07.03.2010 · Ajami heißt ein Viertel in Jaffa - wie der preisgekrönte jüdisch-arabische Film, den zwei junge Regisseure dort gedreht haben. Der Film ist für den Auslands-Oscar nominiert worden, doch die Macher haben andere Ziele als den Sieg in Los Angeles. Ein Besuch.
Von Julia Encke„Ich würde vorschlagen“, sagt Scandar Copti, als er an diesem windig-warmen Morgen in Tel Aviv nahe der Strandpromenade hält, das Autoradio herunterdreht und von innen die Beifahrertür aufhält, „wir fahren gleich nach Ajami und gehen erst mal in das Café meines Onkels.“ Wir fahren an der Küste entlang, am Steuer, in Trainingsjacke und mit einem beeindruckenden schwarzen Ziegenbart, der bestimmt zehn Zentimeter von seinem Kinn absteht, der junge Regisseur; vor uns, in der Sonne, das alte Jaffa. „Kommt Yaron Shani auch dahin?“ - „Leider nein“, sagt Scandar, „er muss sich heute Vormittag um sein Kind kümmern, heute Abend fliegen wir ja beide nach Los Angeles wegen der Oscars.“ Wir halten vor einem Café, das zugleich ein Buchladen ist, politische Bücher stehen hier, in arabischer und in hebräischer Sprache. Handschlag, Küsse, Umarmungen - jeder kennt hier Scandar Copti. Er ist in Ajami zu Hause.
Zusammen mit seinem jüdischen Freund, Yaron Shani, den er seit acht Jahren kennt, hat der 34-jährige palästinensische Israeli einen Film gedreht, der in Israel inzwischen schon so bekannt ist, dass, wer am Ben-Gurion-Flughafen einreist und angibt, die Regisseure treffen zu wollen, gut gelaunt durchgewunken wird (bei der Ausreise dann allerdings nicht mehr). „Ajami“ hat überall Preise gewonnen, auf den Festivals in Cannes, Jerusalem, London, Montpellier, Valencia und Thessaloniki.

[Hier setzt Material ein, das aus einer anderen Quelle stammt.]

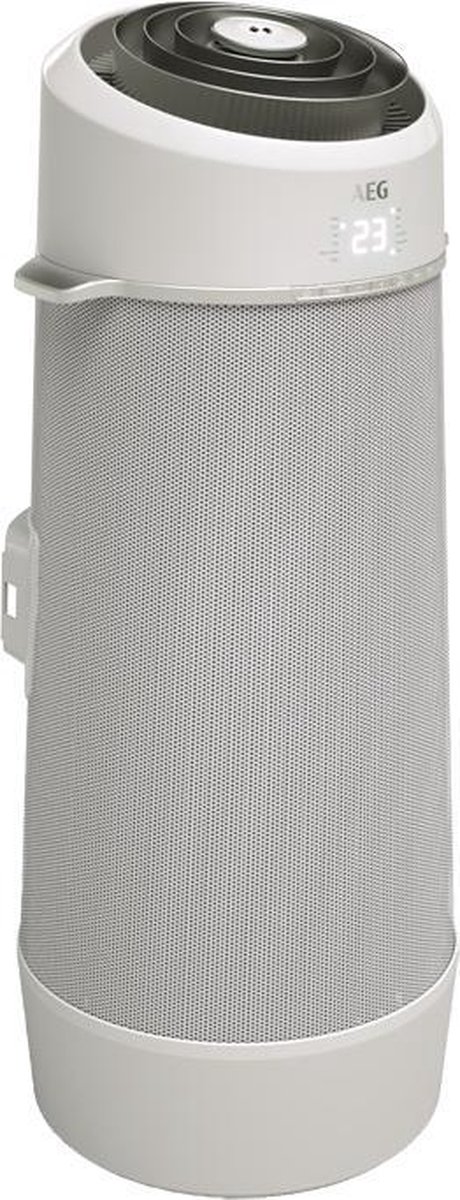 AEG PX71-265WT Mobiele Airco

Und dass er, als bester fremdsprachiger Film, jetzt auch noch für die Oscars nominiert ist, ist vor allem deshalb so unglaublich, weil es der erste große Film der beiden ist, an den lange Jahre niemand so recht glauben wollte, nicht einmal die Produzenten. „Wir hatten in der Vorbereitungszeit überhaupt kein Geld, sind beide wieder zu unseren Eltern gezogen, damit wir wenigstens die Miete sparen“, erzählt Scandar, steht kurz auf, holt sich zur Beruhigung einen Kräutertee, hört dabei aber nicht auf zu reden; ein rastloser, sympathisch-entschlossener Typ mit ganz offensichtlichen Energieüberschüssen. „Ich habe in dem Restaurant gearbeitet, das auch im Film vorkommt, Yaron hat als Mathelehrer Privatstunden gegeben. Und wir haben eine Menge Schulden gemacht bei unseren Eltern und unseren Brüdern.“
Das ist ja ziemlich manipulativ
„Ajami“ ist ein Film über das Leben als Ausnahmezustand im gleichnamigen Viertel von Jaffa, in dem die arabische Mehrheit, Muslime und Christen, mit Juden Tür an Tür wohnt, Drogengangs die Straßen beherrschen und Polizeisirenen zum Alltag gehören. Allein während der letzten zwei Jahre kamen in Ajami 42 Menschen ums Leben, jeder, der hier wohnt, kennt irgendeine Familie, die einen Angehörigen verloren hat. Aber vor allem ist dieser Film auch ein außergewöhnliches Experiment: „Die Wirklichkeit ist mächtiger als jede Imagination“, behaupteten die Regisseure und beschlossen, nur mit Laiendarstellern aus dem Viertel zu drehen. Monatelang veranstalteten sie Workshops, in denen sie zweihundert Interessierte, die in Frage kamen, anleiteten und für Rollen auswählten. Bedingung für ein unmittelbares Reaktionsvermögen bei den Dreharbeiten war, dass die Darsteller das Drehbuch nicht kannten, dass es ihnen bis zum Schluss nicht gezeigt wurde.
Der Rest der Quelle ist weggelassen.